Copyright © J. M. Gregson 2014

 

The right of J. M Gregson to be identified as the author of this work has been asserted by him in accordance with the Copyright, Designs and Patents Act, 1988.

 

First published in the UK by Diamond Books, an imprint of HarperCollins Publishers in 1991.

 

This edition published in 2014 by Endeavour Press Ltd.

 

Table of Contents

 

1

2

3

4

5

6

7

8

9

10

11

12

13

14

15

16

17

18

19

20

21

22

23

24

Extract from
Body Politic
by J. M. Gregson

 

1

 

MONDAY

 

‘Sod and damnation!’ said Guy Harrington.

It is a truth universally acknowledged among golfers that water attracts golf balls. The immortal Miss Austen would certainly have noted that, had she lived a century later, for the acuteness of her observation would undoubtedly have drawn her to this most revealing of games.

Harrington’s well-struck three-iron looped in a beguiling parabola, seeming to stay in the air for an inordinately long time as it sliced inexorably to the right of his target. Then it landed in the river with a silent splash, visible to all four members of the match but too distant for the sound to carry to them. Harrington gave vent to his feelings with a renewed and more lurid verbal outburst.

His companions tried to control the smiles which are always provoked by other people
’s sufferings in this game. Even Harrington’s partner in the four-ball, Tony Nash, felt quite cheerful about his man’s discomfort, for it allowed him to feel less guilty about his own incompetence earlier in the round, which Harrington had received with ill-concealed irritation. Being a tycoon seemed to make a man less tolerant of the weaknesses of his underlings, even when they were officially at play together.

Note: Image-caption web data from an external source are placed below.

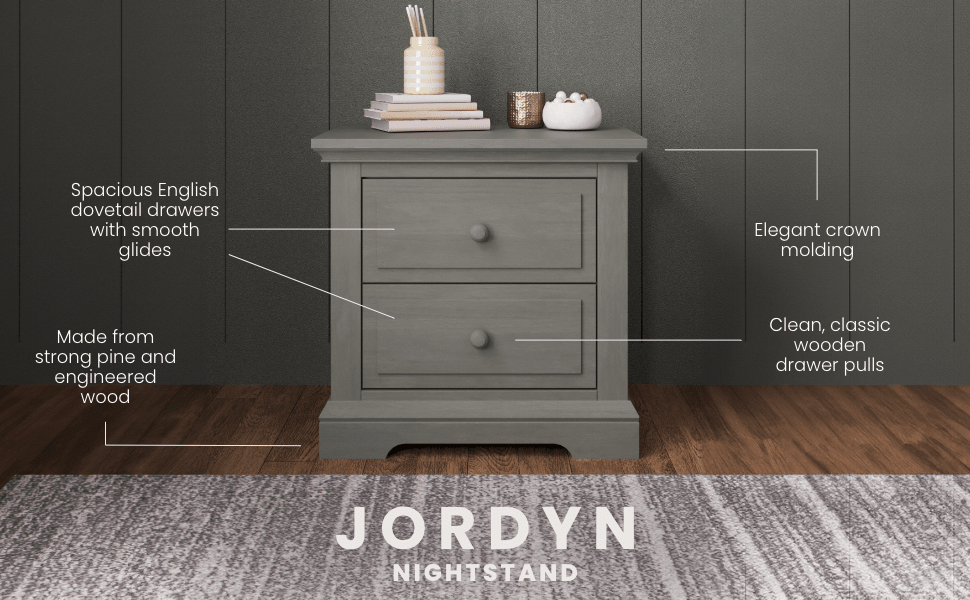 Jordyn Nightstand. Ready-to-Assemble. Lunar Gray - Image 9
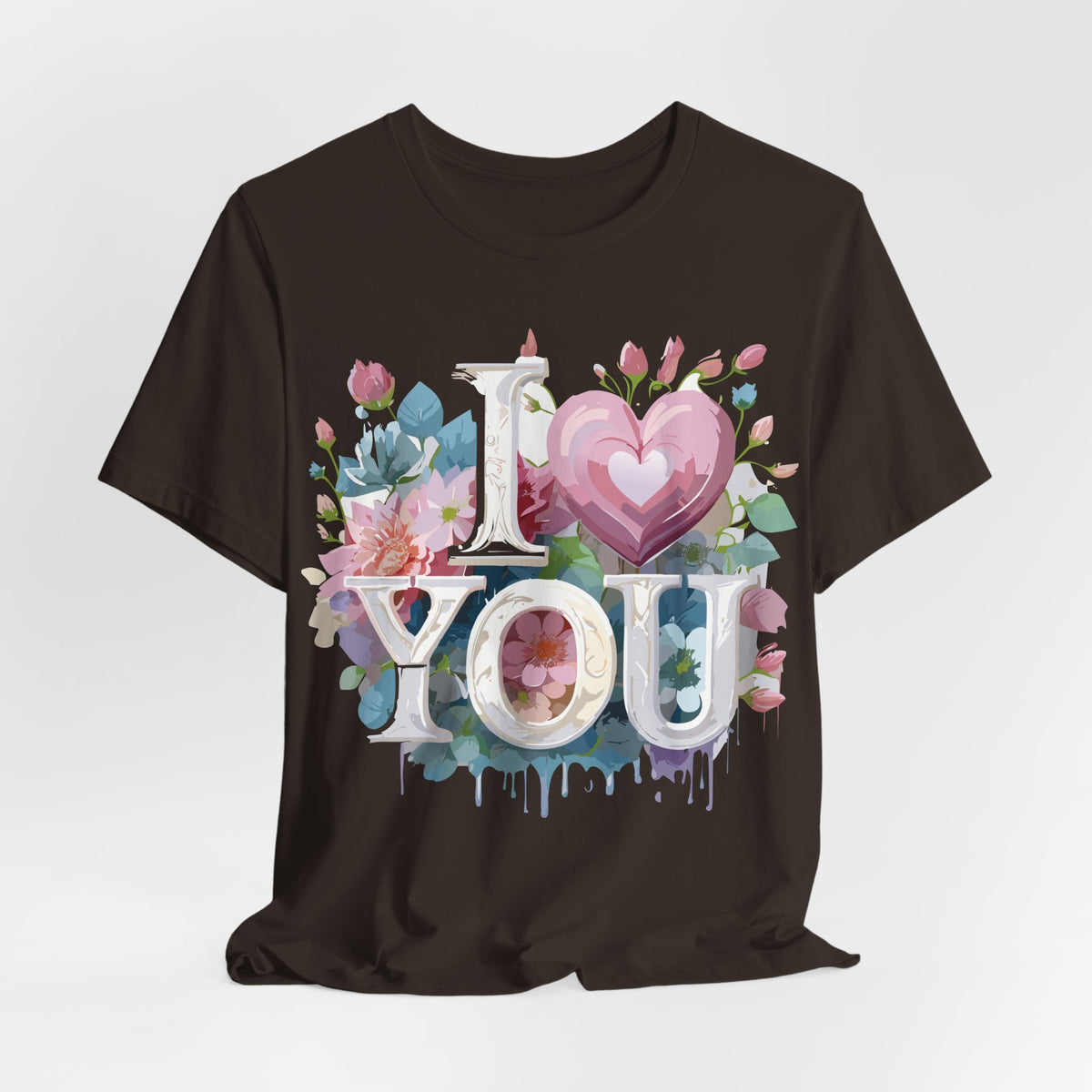 Valentine's Day Graphic Unisex Cotton Bella+Canvas Tee with Floral Art Design d126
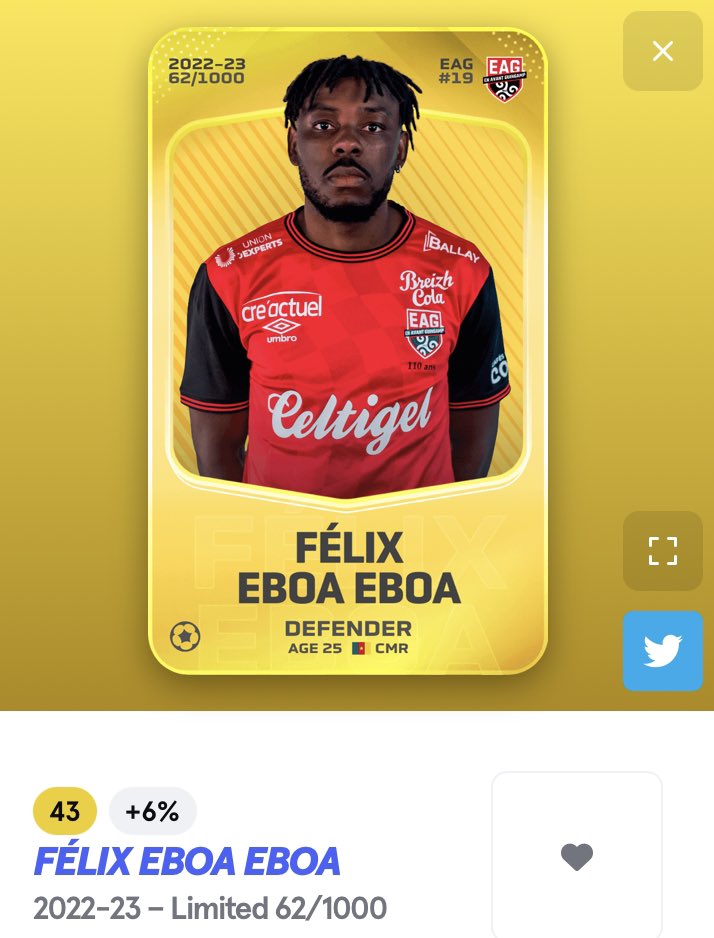 SorareFootNba's tweet photo. Pour fêter mes 100$ de value : 

Une carte Limited de Félix Eboa Eboa à gagner !

Pour participer👇

✅RT &amp; ❤️
✅Suivez @SorareFootNba 
✅Suivez https://t.co/kmEIp22hIv

⏳04/01/2023 à 21h⌛️

#Concours #Crypto #Sorare #ETH #SorareGiveaway #Sorare #Giveaways https://t.co/EtlHXGsCca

Nash called an unconvincing ‘Hard luck, Guy,’ to the man stamping heavily towards the bank of the Wye and went forward to his own ball.

Nash, concentrating fiercely beneath his luxuriant fair hair, managed to get to the green in three, but then three-putted; Harrington watched him with massive, unbelieving disapproval. Sandy Munro, as slight and pale
as Harrington was bulky and florid, chipped up deftly from the edge of the green and holed without fuss for a four to win the hole.

The Scotsman was forty-six, but had the same waist and weight he had had at eighteen; his red hair and blue eyes were almost as bright as in the days of his youth. His slender build concealed surprising strength; where the other three pulled trolleys, he carried a full bag of clubs without effort. He had been a golfer for almost four decades of those forty-six years. Before he was twenty, there had been talk of his turning pro, but he was too good an engineer and his parents too imbued with Scottish caution to allow that. He had been among the Sassenachs in the south of England now for twenty years losing neither his soft Fifeshire accent nor his golfing skills: he maintained his handicap of two with no hint of concession yet to the advancing years.

The result was that in a game notoriously unpredictable, Sandy Munro’s four had an air of routine, the execution that of well-oiled, repeating skills. His partner, George Goodman, said, ‘Well done, Sandy, two up with three to play!’ It had the sound of a recurrent, unthinking chorus, though it made no sweeter hearing for his opponents for that.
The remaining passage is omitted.